Series 'What's new in VCF 9.1' — 4/4
A mini-series on what’s new in VMware Cloud Foundation 9.1:
- Infrastructure efficiency & TCO
- Networking & scale
- Kubernetes & self-service
- Security & resilience (this article — the last in the series)
Visual credits
This article is based on the official VCF 9.1 documentation and blog (links at the end). Synthesis and analysis are my own.
Live Patching for ESX hosts (TPM)
The hidden cost of ESX patching isn’t applying the patch: it’s the evacuation. To patch a host today you put it in maintenance mode, vMotion every VM elsewhere, reboot, exit maintenance, then rebalance. Multiply that across a fleet of several hundred hosts and you get weeks of negotiated maintenance windows, and a patching cadence that falls behind the CVE rhythm.
VCF 9.1 introduces Live Patching for ESX hosts equipped with a TPM. The principle: the patch is applied directly into kernel memory on the running host, with no reboot and no VM evacuation. The TPM acts as the trust anchor that validates the integrity of the patched code before it is applied live — which is exactly why TPM hardware is a non-negotiable prerequisite, not a convenience option.
| Aspect | VCF 9.0 | VCF 9.1 |
|---|---|---|
| Applying an ESX patch | Maintenance mode required | Live patch in kernel memory (TPM hosts) |
| VM evacuation | Systematic (full vMotion) | None for ~80% of patches |
| Host reboot | Almost always | Avoided for ~80% of patches |
| Hardware prerequisite | None specific | TPM enabled and provisioned |
| Realistic patching cadence | Constrained by windows | Decoupled from windows for the majority |
The exact scope, no embellishment. Live Patching covers roughly 80% of fixes — typically kernel and module security fixes that don’t touch the low-level structures requiring a reinitialization. The remaining ~20% — microcode changes, firmware updates, deep structural kernel changes, major version upgrades — still require a reboot and therefore an evacuation. Live Patching doesn’t remove the maintenance window: it reserves it for the cases that genuinely need it.
Fleet-scale impact. This is where the value shows. On a fleet of 300 hosts, moving 80% of patches to live means dividing the volume of maintenance windows to coordinate by five. Concretely: a critical security patch can be deployed across the whole fleet during business hours, on the entire estate, without touching workload SLAs. The strategic consequence is a cadence change: you can target weekly patching of your security posture instead of a negotiated quarterly cycle.
The heterogeneous estate trap
If part of your fleet has no TPM (older hardware, poorly equipped edge sites), you end up with two patching regimes: live for TPM hosts, classic window for the rest. Mapping the TPM estate is a prerequisite to designing the patching strategy, not a production discovery.

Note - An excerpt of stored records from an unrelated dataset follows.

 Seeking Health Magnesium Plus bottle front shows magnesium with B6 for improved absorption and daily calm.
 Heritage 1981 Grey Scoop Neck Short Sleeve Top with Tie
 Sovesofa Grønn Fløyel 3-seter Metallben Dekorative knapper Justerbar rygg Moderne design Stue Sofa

Continuous compliance (Advanced Cyber Compliance)
In VCF 9.0, compliance is a snapshot. You run a scan, you get a report, you remediate, and between two scans configuration drift lives its own life. The structural problem: the window between two audits is exactly where a mishandled change, an undocumented modification, or a policy regression settles in with no alert.

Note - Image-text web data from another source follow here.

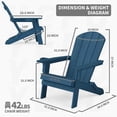 thumbnail image 3 of WINSOON All Weather HIPS Folding Oversized Adirondack Chair：Outdoor Chair with Realistic Wood Texture, Heavy Duty Weight Capacity, for Cup Holder for Patio, Yard & Garden, 3 of 7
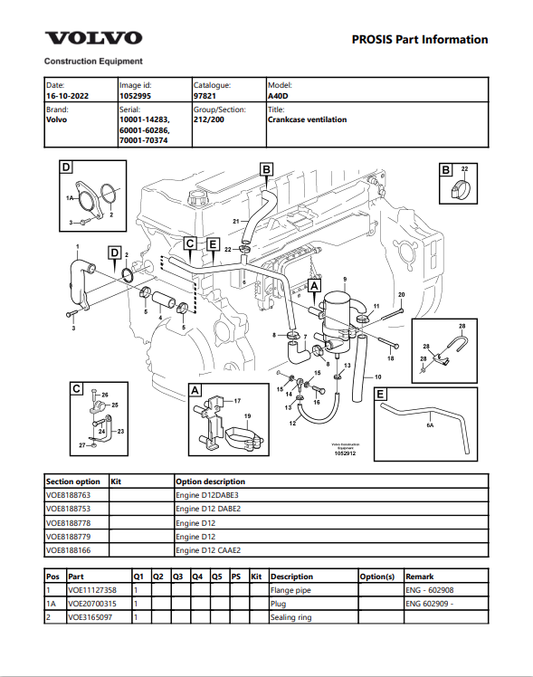 Volvo A40D Articulated Haulers (Art) Parts Catalogue Manual - PDF File
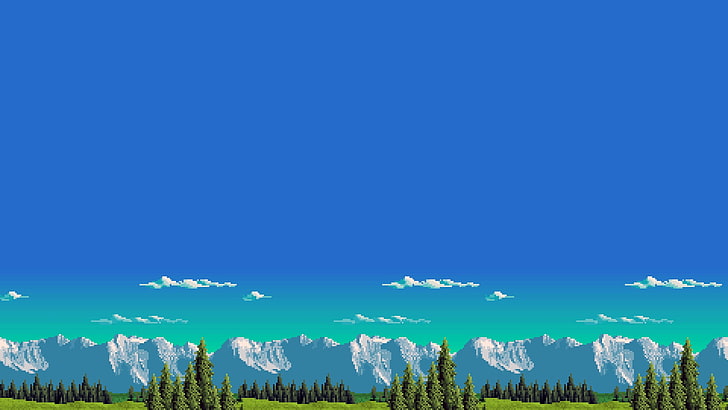 8-Bit Pixel Art, mountain, landscape, beauty in nature, nature Free HD Wallpaper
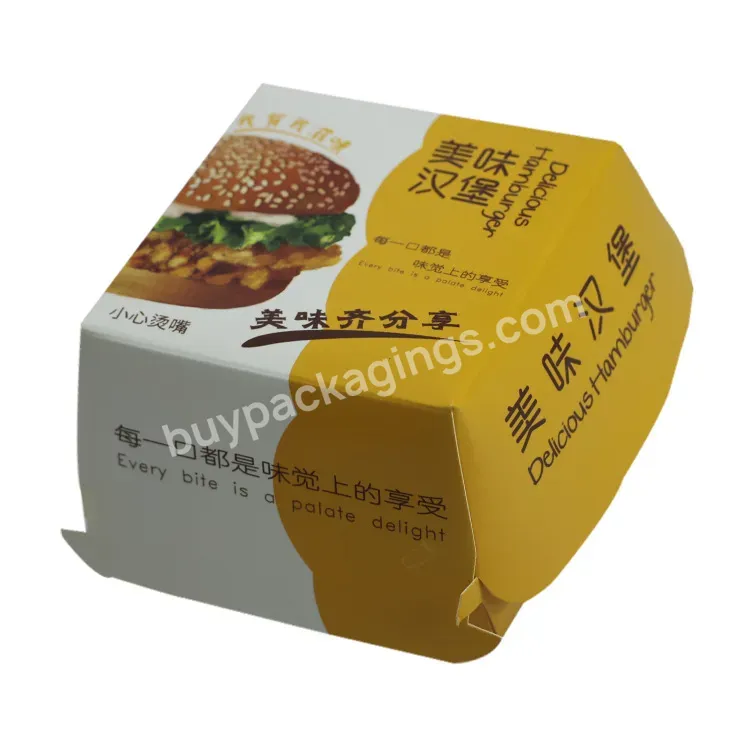 Customized Disposable Food Packaging Hamburger Box Cheap Burger Box Corrugated Burger Caeroon Box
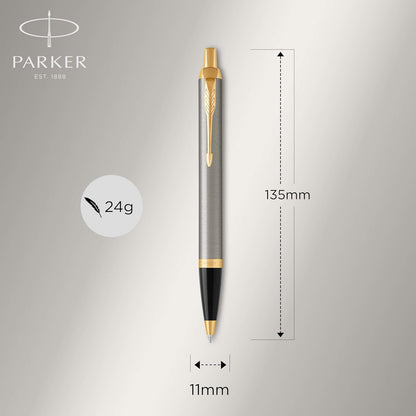 Parker IM Ballpoint Pen, Brushed Metal with Medium Point Blue Ink Refill (1975559)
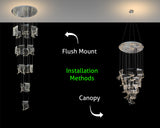 Installation methods showing flush mount and canopy options for the adjustable dimmable LED wave chandelier.
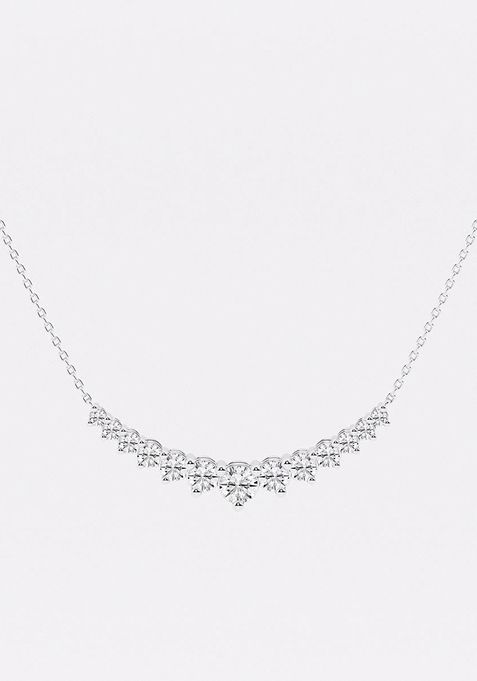 1 1/2 ctw Round Lab Grown Diamond Thirteen Stone Demi Eternity Fashion Necklace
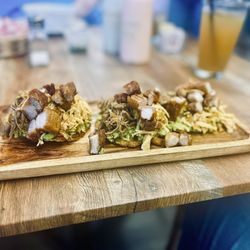 Encanto Colombiano Snack Bar - Last time I went, I ordered 3 Patacones with Trio Meats, which include house-made shredded beef, chicken, and diced pork.
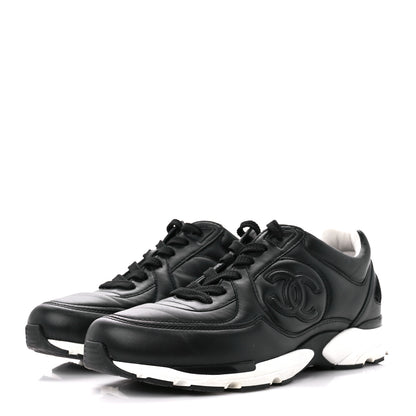 Chanel Calfskin CC Sneakers 40 Black 3 of 9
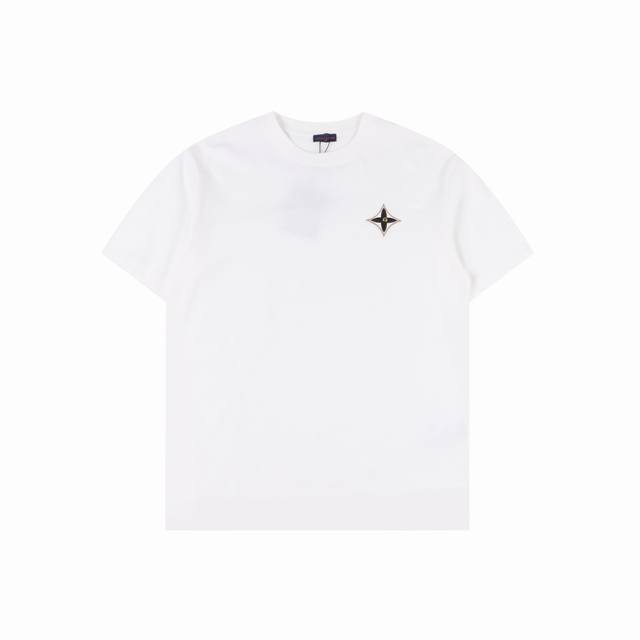 Louis Vuitton 24Ss old flower four-leaf clover embroidered short sleeves High-de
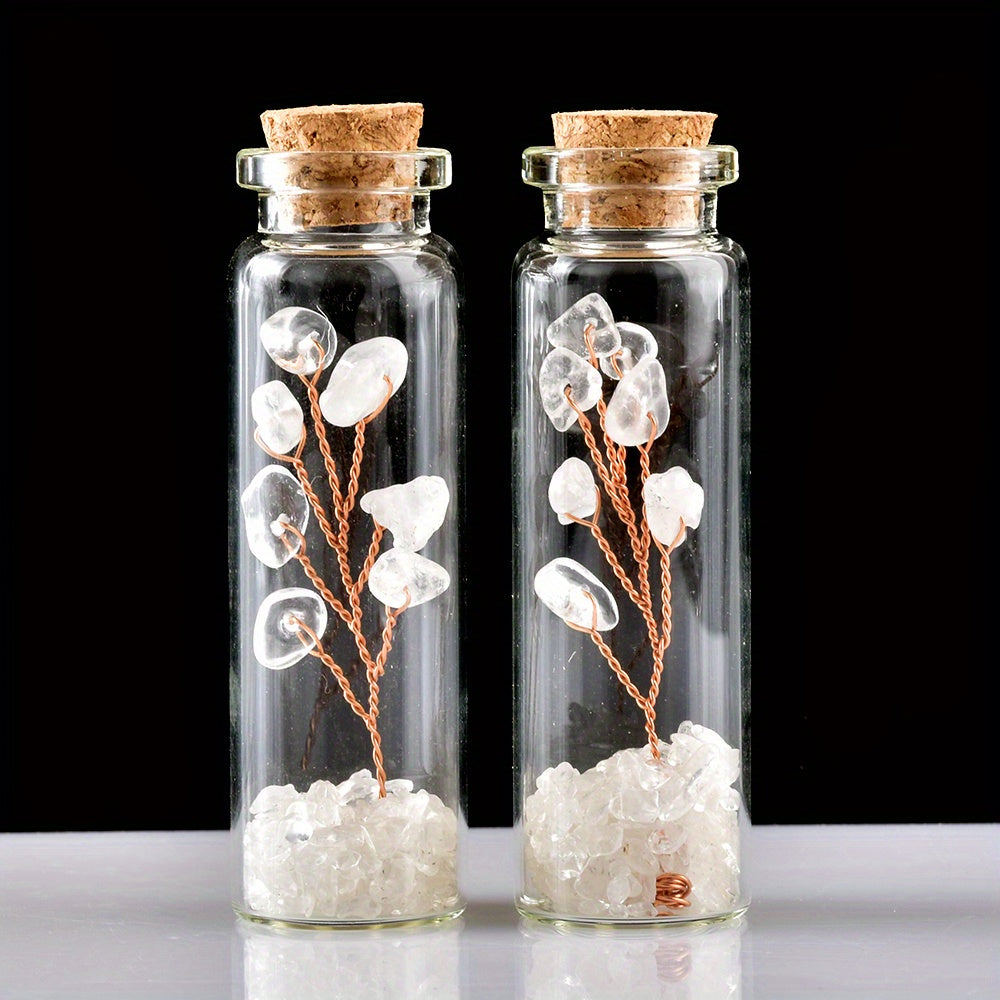 Botella de deseos de cristal con cristales naturales y árbol de la suerte para meditación y decoración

VCF 9.1 moves compliance from a point-in-time model to a continuous one, with unified security posture management (Advanced Cyber Compliance) covering the whole VCF stack — vCenter, ESX, NSX, vSAN — from a single control plane. Compliance is no longer a photo taken at audit time: it’s a stream. Remediation becomes continuous: a detected drift triggers a remediation action instead of waiting for the next scan cycle.
| Aspect | VCF 9.0 | VCF 9.1 |
|---|---|---|
| Compliance model | On-demand point-in-time scan | Continuous assessment |
| Drift detection | At next scan | Continuous |
| Remediation | Manual after report | Continuous remediation triggered |
| Scope | Component by component | Unified multi-component posture |
| Risk window | Between two audits | Reduced to the detection delay |
What it changes for architects. Continuous compliance shifts the work: less time orchestrating scan campaigns, more time defining accurate baselines and managing noise. The point-in-time model produced a report every quarter; the continuous model produces a permanent event stream. The value depends entirely on baseline quality: a baseline that’s too strict generates a flood of false positives that drowns the real signal; one that’s too lax misses the drifts that matter.
Migration note. If you already run point-in-time compliance scans on 9.0, don’t migrate by turning everything on at once. Continuous remediation against an unrefined baseline can trigger unwanted corrective actions on production. The healthy sequence: enable in observation mode, refine baselines over two to four weeks, then switch automatic remediation on component by component.
On-prem anti-ransomware recovery
The scenario that loses companies: ransomware encrypts the production datastores, and the backups — connected to the same domain, the same network, sometimes the same credentials — get encrypted too. A backup restored into a still-compromised environment gets re-encrypted within the hour. Recovery without a clean isolated environment isn’t recovery: it’s a relapse.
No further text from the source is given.